-- What is needed --
Pictures are not part of the answer. Write out exactly the lines from the one containing "EMERALD RING IN" through the end of the material below.

-- Records supplied --
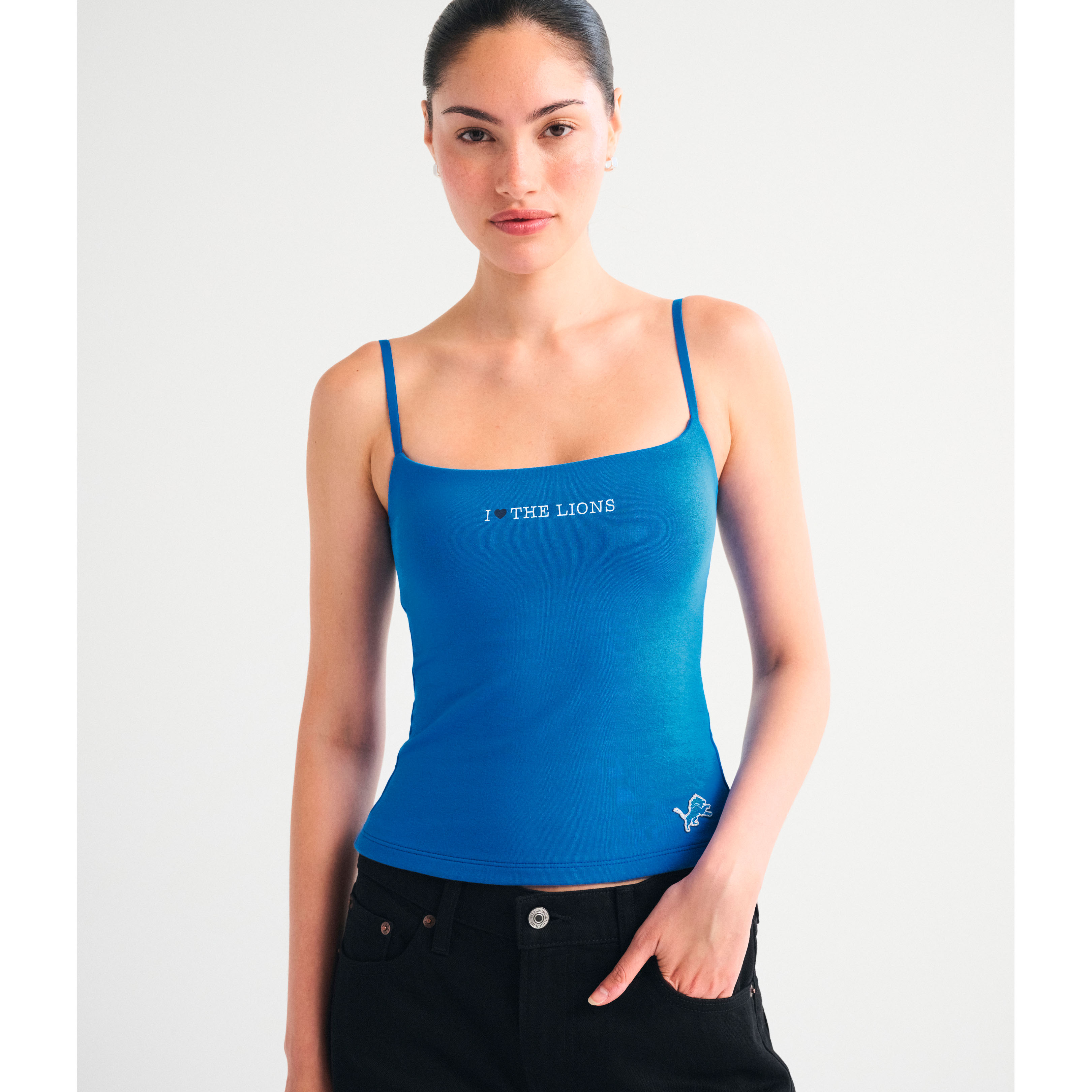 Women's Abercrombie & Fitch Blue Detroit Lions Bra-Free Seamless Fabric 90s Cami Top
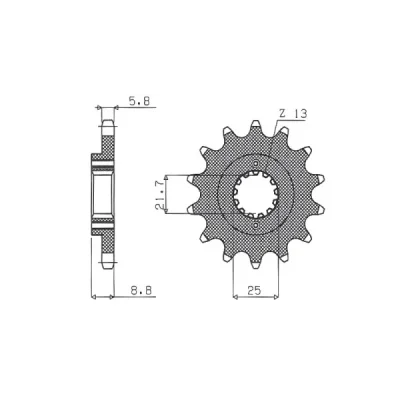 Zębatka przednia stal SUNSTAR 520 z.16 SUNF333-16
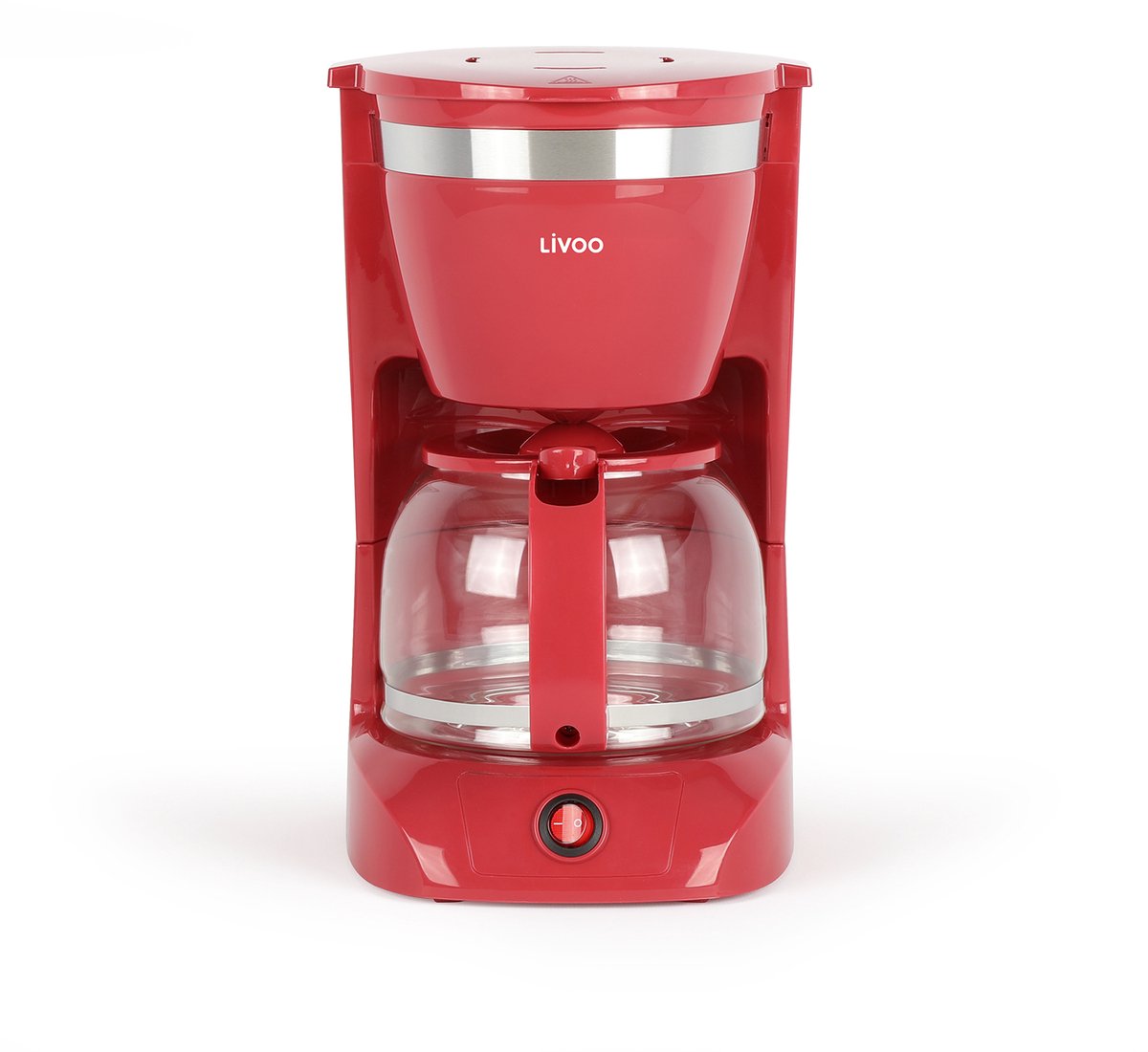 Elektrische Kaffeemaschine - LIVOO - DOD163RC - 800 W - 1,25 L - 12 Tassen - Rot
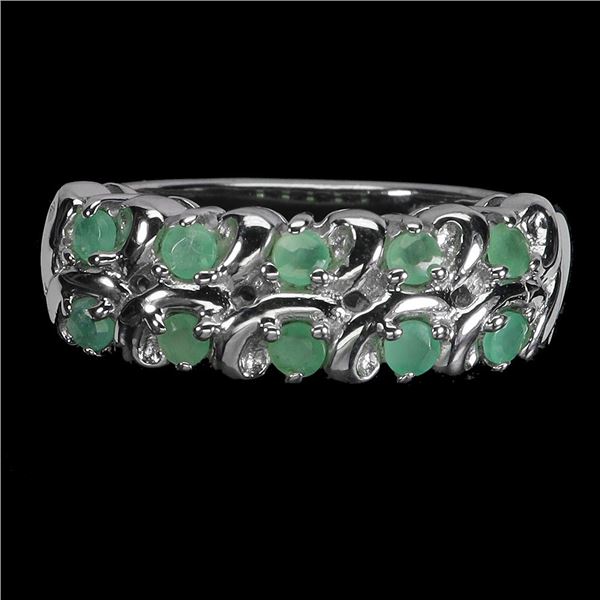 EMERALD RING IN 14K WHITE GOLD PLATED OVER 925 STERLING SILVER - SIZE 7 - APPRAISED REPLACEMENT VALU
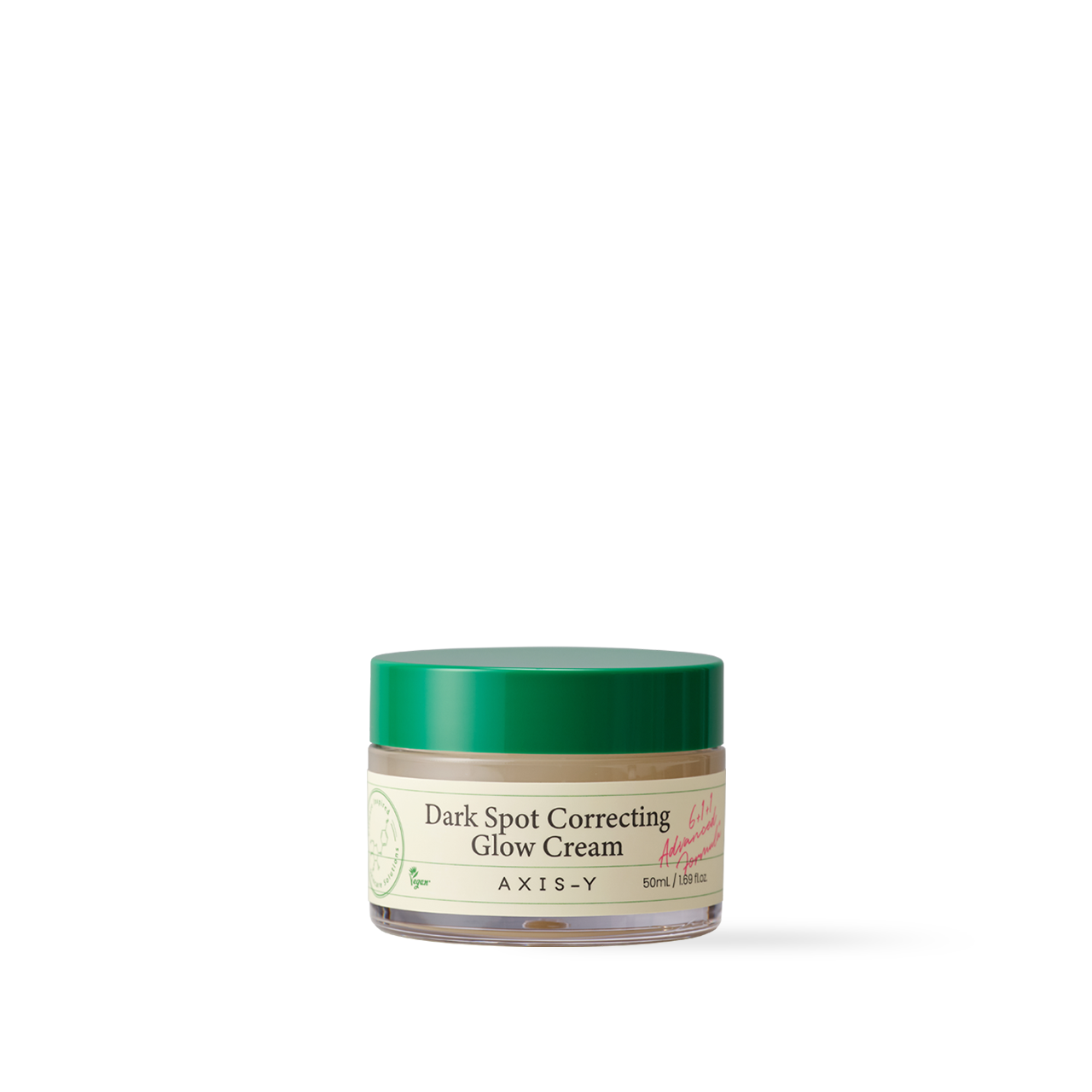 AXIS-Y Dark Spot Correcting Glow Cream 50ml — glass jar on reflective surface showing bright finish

-- Output --
 EMERALD RING IN 14K WHITE GOLD PLATED OVER 925 STERLING SILVER - SIZE 7 - APPRAISED REPLACEMENT VALU
 AXIS-Y Dark Spot Correcting Glow Cream 50ml — glass jar on reflective surface showing bright finish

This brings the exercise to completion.